Egytrans, a leading provider of logistics and transportation solutions in Egypt, announced Wednesday its consolidated results for the first quarter of 2017.

The group’s revenues were maintained y-o-y in 1Q17 despite the challenging operating environment and, thanks to strong revenue growth across most of Egytrans business lines, Egytrans performance has continued on its high curve from last year’s annual results.

The first quarter saw Egytrans’ consolidated revenues grow 282.4 percent Y-o-Y to 110.5 million Egyptian pounds driven by the continued work in mega projects which extended to 1Q17 as well as the improved performance of ETAL and outstanding growth in regular business. With this gain, Egytrans has solidified its position as the leading Transportation and Logistics Company in Egypt.   Meanwhile, growth in revenues was coupled with a considerable improvement on Cost/Revenues ratio by 1,226 bps to record 55.8 percent in 1Q17 vis-à-vis 68.0 percent in 1Q16, leading to a higher EBITDA margin of 37.5 percent vs. 11.4 percent for both quarters respectively.

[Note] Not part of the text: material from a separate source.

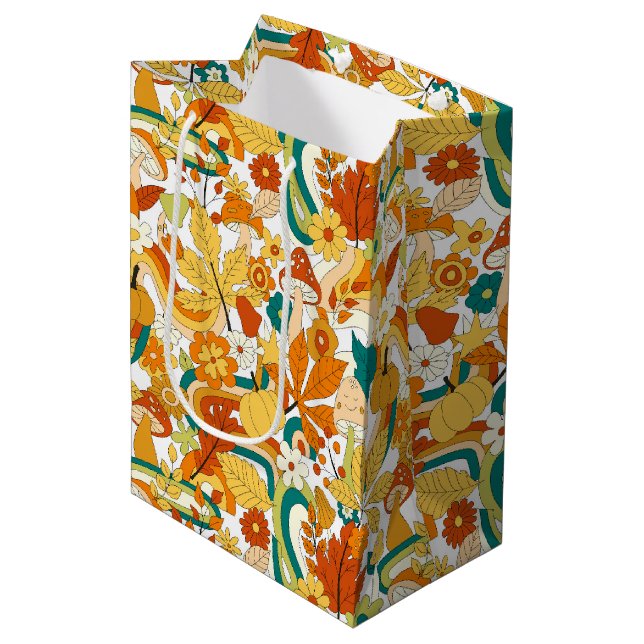 Retro Groovy Mushroom Flower Pattern Medium Gift Bag (Front Angled)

Net Profits after Taxes for 1Q17 came in at 20.3 million pounds (3.3x higher than 1Q16 of 6.1 million pounds) with a margin of 18.3 percent compared to a higher margin of 21.0 percent in 1Q16 mainly due to higher taxes during this quarter vis-a-vis the same quarter a year ago.

“The rate of change in our financial metrics has been significant over the last twelve months,” stated Abir Leheta, Chairman of Egytrans.

“We continued to focus our portfolio around high-margin, high rate-of-return business, implement meaningful cost reductions across our business, and strengthen our financial position, while seeing structural improvements. Our first quarter results demonstrate this step change in the cash flow generating capability and financial sustainability of our business.”

Egytrans’ separate revenues reached 90.2 million pounds (248.3 percent growth Y-o-Y), while costs increased 197.7 percent to 57.7 million pounds. In the meantime, SG&A increased by 21.8 percent to 6.3 million pounds. Accordingly, EBITDA margin has strongly improved to 26.2 million pounds from 1.4 million pounds for 1Q17 vs. 1Q16, respectively. Net Profits after Taxes added 572 percent to reach 24.1 million pounds in 1Q17 vis-à-vis 3.6 million pounds in the year-ago period.

Egyptian Transport & Logistics (ETAL), a fully owned subsidiary of Egytrans, executed specialised transport of cargos with exceptional weight and dimensions for the aforementioned mega projects, in addition to other operations. As a result, the company achieved net profits after taxes of 8.7 million pounds in 1Q17 compared to 1.2 million pounds in 1Q16, with an almost 6-fold Y-o-Y increase.

Egytrans Depot Solutions (EDS), a fully owned subsidiary of Egytrans, specializing in storing, cleaning and repairing liquid bulk cargo containers (ISO Tanks), achieved net profits after taxes of $0.12 million in 1Q17 versus $0.15 million in 1Q16, with a Y-o-Y decline of 19.7 percent mainly due to higher taxes during the period.

In the current transportation and logistics context, which is still affected by depressed trade volumes, Egytrans has continued its positive trend begun end 2016, with further improvement in operating margins and net income. “Our strong performance, which once again distinguishes the Group, is due to the confidence our clients continue to show in us as a reliable and dependable business partner, as well as to the rigorous operational management of our activities. Although the industry still faces strong headwinds, we are confident our strategy should allow us to improve operational results over the next quarter, leveraging current and future projects and maintaining our focus in operational efficiency and innovation to the benefit of our customers. We continue to reinforce our position as a leading player in our industry” explains Leheta.

Mega Power projects, most significantly the Beni Suef and the New Administrative Capital Gas Turbine Power stations established by Siemens and the South Helwan Power Station established by Mitsubishi-Hitachi, continued to be the main driver and the major contributor to Egytrans’ strong revenues for 1Q17 that have positively affected different lines of business such as land transport, storage and other handling services.  More recently Egytrans signed a new contract during 1Q17 for the transport of production lines and equipment for new fertilisers plant NCIC. This project is expected to extend until 3Q17.